From: Med Maatallah <hotelsmaatallahrecemail <at> gmail.com>
To: bug-coreutils <at> gnu.org
Subject: [Security] Heap Buffer Overflow in GNU Coreutils sort (CWE-122)
Date: Tue, 20 May 2025 10:31:35 +0100
[Message part 1 (text/plain, inline)]
Dear GNU Coreutils Maintainers,

I am reporting a heap buffer overflow vulnerability (CWE-122) I've
discovered in the GNU Coreutils sort utility. This issue affects the
traditional key specification syntax processing and leads to an
out-of-bounds read.
Vulnerability Details

The vulnerability occurs when the traditional key specification syntax (
+POS1[.C1][OPTS]) is used with UINTMAX_MAX as the character position value.
The begfield() function in src/sort.c performs unsafe pointer arithmetic
that leads to integer wraparound, resulting in a pointer that points one
byte before the start of an allocated heap buffer.

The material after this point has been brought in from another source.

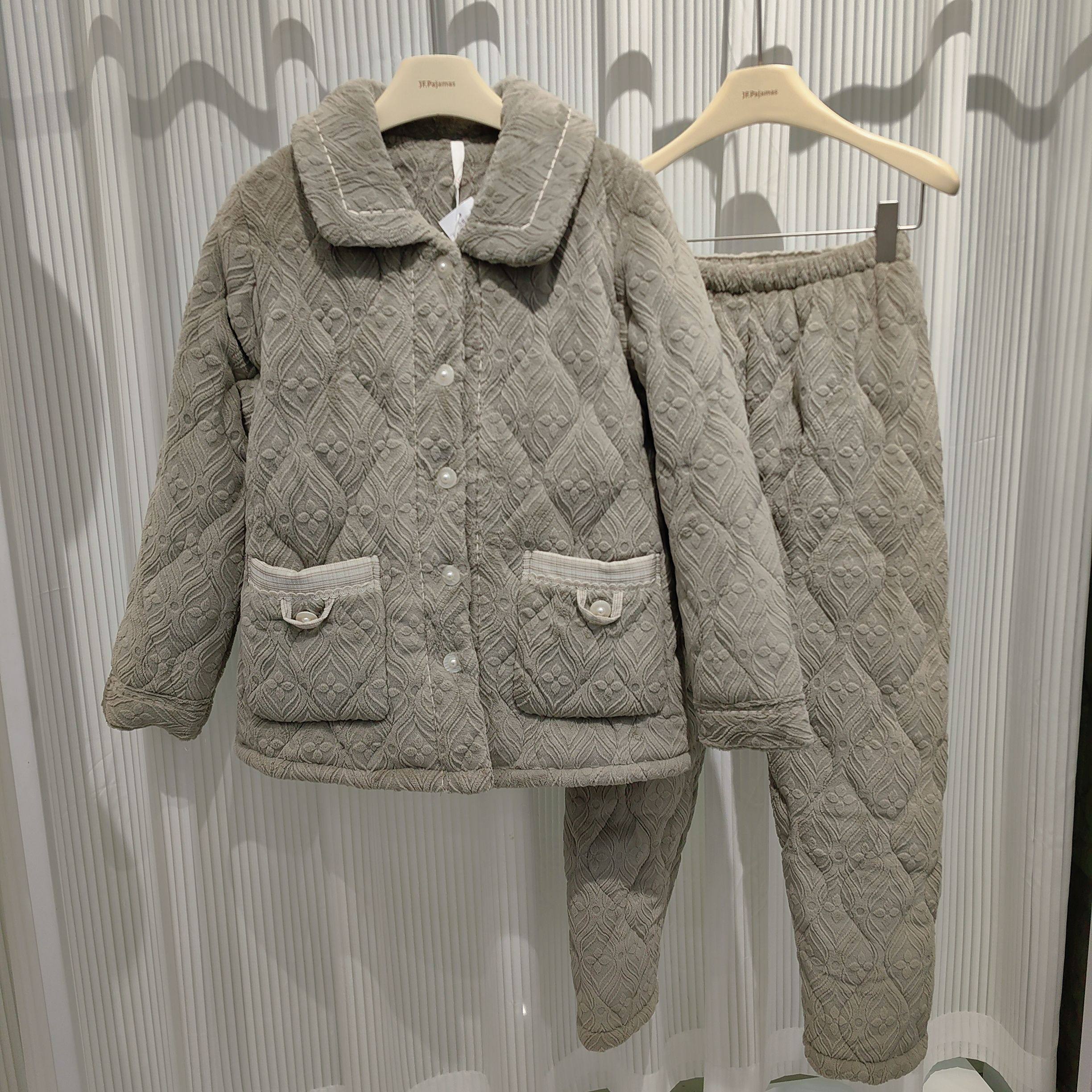 睡衣冬季女士三层夹棉袄加绒加厚妈妈款保暖压缩棉袄家居服套装波,女士内衣/男士内衣/家居服,睡衣/家居服套装,淘宝优惠券,粉丝福利购,淘宝优惠卷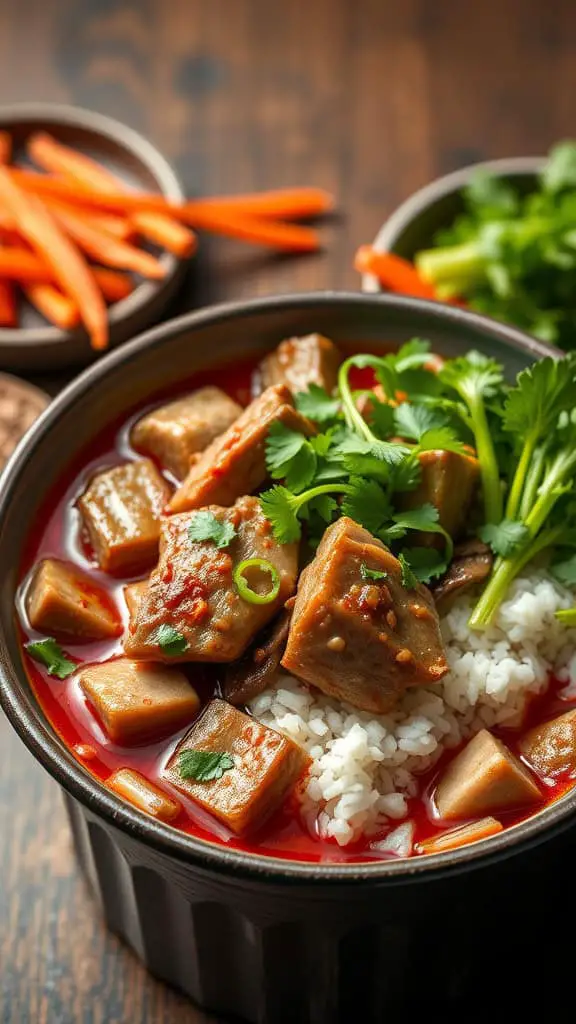 A bowl of Korean spicy beef served over rice, garnished with cilantro, green onions, and accompanied by carrot sticks.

The vulnerable code is in the begfield() function in src/sort.c:


static char *begfield (struct line const *line, struct keyfield const *key){
  char *ptr = line->text, *lim = ptr + line->length - 1;
  size_t sword = key->sword;
  size_t schar = key->schar;

  /* The leading field separator itself is included in a field when -t
    is absent.  */

  if (tab != TAB_DEFAULT)
    while (ptr < lim && sword--)
      {
        while (ptr < lim && *ptr != tab)
          ++ptr;
        if (ptr < lim)
          ++ptr;
      }
  else
    while (ptr < lim && sword--)
      {
        while (ptr < lim && blanks[to_uchar (*ptr)])
          ++ptr;
        while (ptr < lim && !blanks[to_uchar (*ptr)])
          ++ptr;
      }

  /* If we're ignoring leading blanks when computing the Start     of
the field, skip past them here.  */
  if (key->skipsblanks)
    while (ptr < lim && blanks[to_uchar (*ptr)])
      ++ptr;

  /* Advance PTR by SCHAR (if possible), but no further than LIM. */
  ptr = MIN (lim, ptr + schar);

  return ptr;}

The issue lies in the expression ptr + schar when schar is set to
UINTMAX_MAX (18446744073709551615 on 64-bit systems). This triggers integer
wraparound due to size_t arithmetic, causing the calculation to effectively
become ptr - 1. As a result, the function returns a pointer that's one byte
before the start of the allocated buffer.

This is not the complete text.